Après avoir arrêté Cassy au restaurant La Réserve à Pétion-Ville, les enquêteurs ont procédé à une descente à l’hôtel Djoune Bar & Grill à Delmas 40B, où ce dernier séjournait régulièrement.
Sur place, la responsable des lieux a conduit les enquêteurs dans l’une des chambres qu’il occupait, selon le rapport.
Les relevés téléphoniques obtenus par la DCPJ placent les téléphones portables de Nenel Cassy, de Kenold Pierre et d’autres individus cités dans ce dossier autour de Delmas 40B au moment de l’assassinat, selon le supplément d’enquête obtenu par AyiboPost.
Dans cette chambre, ils ont découvert des documents liés à la Caisse d’Assistance Sociale (CAS), incluant des demandes de subventions, des bordereaux pour plus de trois millions de gourdes et des copies de chèques atteignant jusqu’à sept millions de gourdes.
Interrogés par la DCPJ, les responsables de la CAS nient tout lien avec Cassy. Ils affirment avoir loué une chambre pour le service de comptabilité de l’institution à l’hôtel en question en raison des menaces des gangs autour de leur siège principal. Le rapport ne dit pas si Cassy et ce service de la CAS étaient dans la même chambre et pourquoi.

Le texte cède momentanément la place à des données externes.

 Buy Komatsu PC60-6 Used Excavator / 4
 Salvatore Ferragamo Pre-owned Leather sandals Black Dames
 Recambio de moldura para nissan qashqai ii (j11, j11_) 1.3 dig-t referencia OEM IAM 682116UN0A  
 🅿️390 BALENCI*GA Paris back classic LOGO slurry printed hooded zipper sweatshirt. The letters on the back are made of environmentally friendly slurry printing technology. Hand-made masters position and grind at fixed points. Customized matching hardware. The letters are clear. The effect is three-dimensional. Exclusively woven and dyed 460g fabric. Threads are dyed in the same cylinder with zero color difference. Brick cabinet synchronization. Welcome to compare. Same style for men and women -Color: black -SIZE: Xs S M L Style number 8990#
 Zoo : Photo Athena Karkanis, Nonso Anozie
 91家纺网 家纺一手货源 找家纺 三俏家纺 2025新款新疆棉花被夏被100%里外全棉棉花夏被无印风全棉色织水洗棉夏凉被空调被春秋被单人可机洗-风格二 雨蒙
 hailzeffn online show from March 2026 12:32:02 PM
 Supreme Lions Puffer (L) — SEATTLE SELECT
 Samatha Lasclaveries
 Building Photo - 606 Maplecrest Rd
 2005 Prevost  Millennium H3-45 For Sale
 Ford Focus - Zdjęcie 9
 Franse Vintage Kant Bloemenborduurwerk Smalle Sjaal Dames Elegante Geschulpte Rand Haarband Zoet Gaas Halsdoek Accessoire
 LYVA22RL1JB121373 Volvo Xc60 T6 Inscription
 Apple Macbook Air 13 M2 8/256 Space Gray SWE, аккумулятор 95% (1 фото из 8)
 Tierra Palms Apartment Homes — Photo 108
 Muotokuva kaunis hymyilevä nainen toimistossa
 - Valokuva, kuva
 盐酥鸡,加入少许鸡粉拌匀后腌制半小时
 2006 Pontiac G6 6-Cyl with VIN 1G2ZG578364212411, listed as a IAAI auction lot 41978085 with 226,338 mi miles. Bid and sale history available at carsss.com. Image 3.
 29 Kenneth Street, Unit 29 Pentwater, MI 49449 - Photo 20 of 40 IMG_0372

Le rapport de la DCPJ accuse Cassy d’avoir entretenu des liens avec des gangs et avec le groupe de policiers fauteurs de troubles appelé Fantom 509, responsable de destructions de biens publics et de la mort de plusieurs personnes.
Il mentionne aussi une enquête publiée par l’Unité de Lutte Contre la Corruption (ULCC) le 15 novembre 2023, qui avait recommandé à la justice de poursuivre Cassy pour enrichissement illicite et fausse déclaration de patrimoine, en marge de sa mise sous sanctions par les États-Unis pour corruption significative.
Sur les allégations le liant à des groupes armés, l’ancien sénateur s’est défendu à la DCPJ : « Je n’ai jamais participé à aucun acte de banditisme ni financé le terrorisme pour déstabiliser le pays », a-t-il affirmé à la DCPJ.
AyiboPost n’a pas indépendamment authentifié les allégations de la DCPJ. Contacté par AyiboPost le 4 septembre 2025, l’ancien sénateur Nenel Cassy a refusé de donner une interview au sujet des faits soulevés par le rapport. Lors d’un court échange, il a qualifié l’enquête de la DCPJ de « texte littéraire sans fondement réel et ne méritant pas de réponse ».
Cassy est un ancien sénateur haïtien du département des Nippes, élu sous la bannière du parti Lavalas de l’ex-président Jean-Bertrand Aristide.
Opposant au pouvoir de Jovenel Moïse, il a été brièvement arrêté puis relâché le 21 janvier 2021 à Miragoâne. Cette interpellation a été dénoncée par ses alliés, dont l’avocat André Michel, porte-parole du Secteur démocratique, ainsi que l’ancien sénateur Joseph Lambert, sanctionné par les États-Unis pour trafic de drogue.
Sa deuxième arrestation a aussi été de courte durée. L’ancien commissaire du gouvernement Frantz Monclair l’a libéré après dix-sept jours de garde à vue, le 19 août 2025. Moins de 24 heures plus tard, le ministre de la Justice a mis le magistrat en disponibilité pour faute administrative grave.
Cassy est un ancien sénateur haïtien du département des Nippes, élu sous la bannière du parti Lavalas de l’ex-président Jean-Bertrand Aristide.
Le 29 aout, la Fondation Je Klere publie un rapport dénonçant le « scandale monstrueux » de la libération de l’ancien sénateur Cassy. La FJKL accuse le Conseil Présidentiel de Transition « d’officialiser l’impunité en Haïti ».
« Le devoir du Commissaire du Gouvernement est de transmettre les suppléments d’informations recueillis sur le prévenu aux différents juges déjà saisis des dossiers et de solliciter de nouvelles instructions sur les faits nouveaux reprochés à l’ex-sénateur », écrit la FJKL.